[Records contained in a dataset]
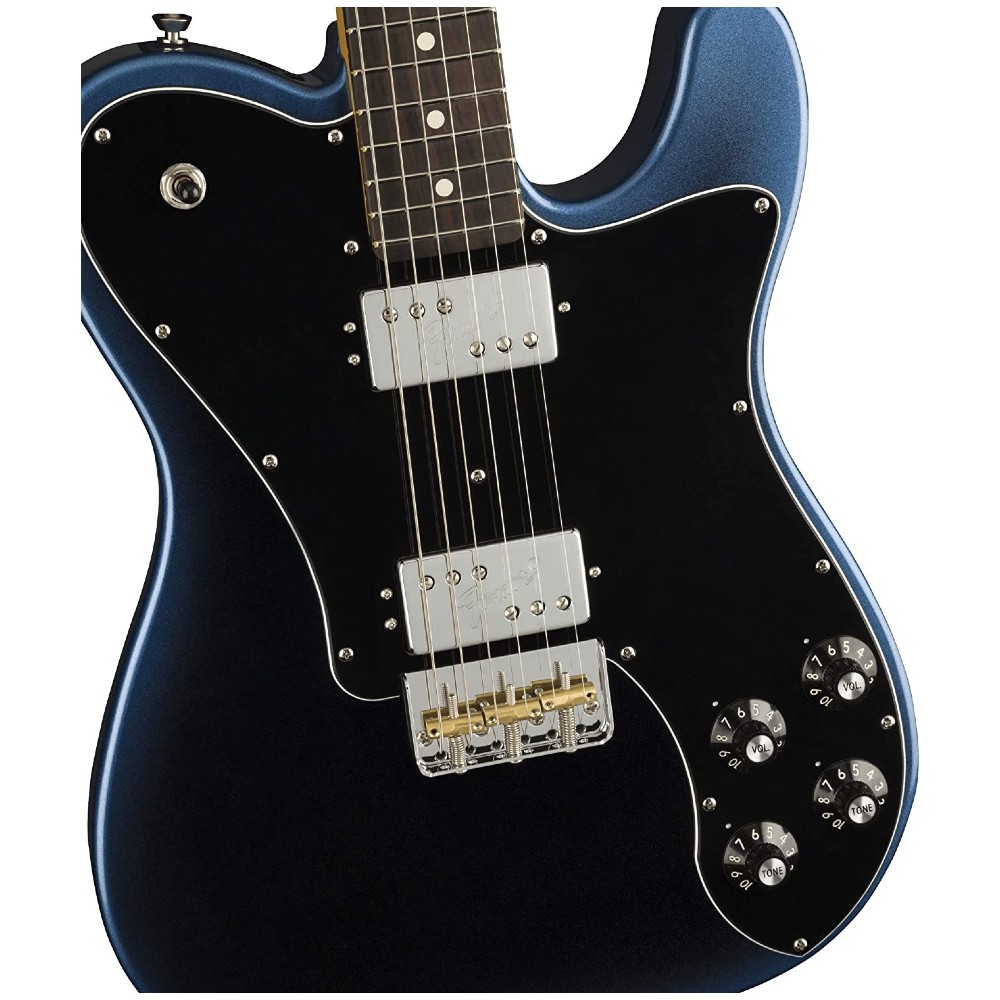 Fender American Professional II Telecaster Deluxe Rosewood Dark Night – (0113960761)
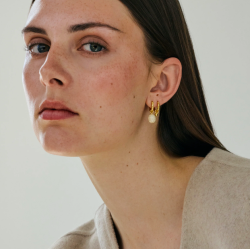 Enamel - Significant Hoops, Sparkle
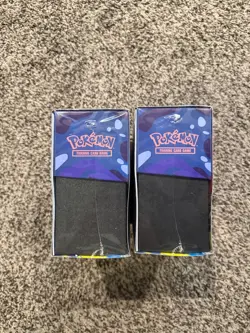 2x Pokemon Chaos Rising Elite Trainer Box Factory Sealed ETB *Slight Tear in 1* - Image 5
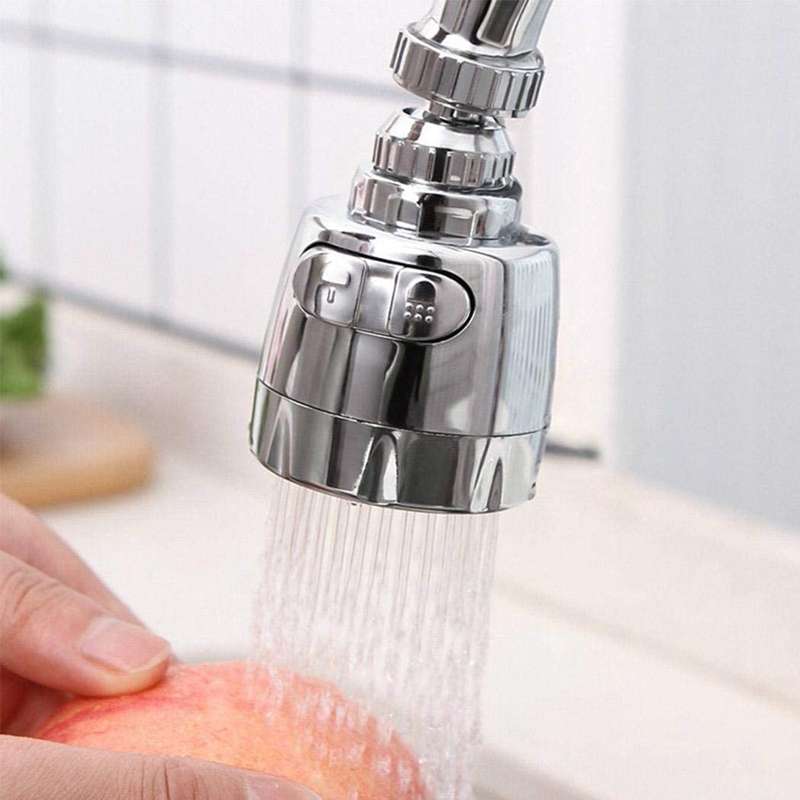 Anti Splash Filter Nozzle Faucet Adapter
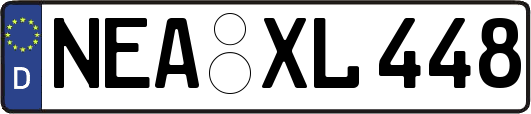 NEA-XL448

» **WORK REQUEST**
Except for pictures, copy the records above exactly.

» **TASK ANSWER**
 Fender American Professional II Telecaster Deluxe Rosewood Dark Night – (0113960761)
 Enamel - Significant Hoops, Sparkle
 2x Pokemon Chaos Rising Elite Trainer Box Factory Sealed ETB *Slight Tear in 1* - Image 5
 Anti Splash Filter Nozzle Faucet Adapter
 NEA-XL448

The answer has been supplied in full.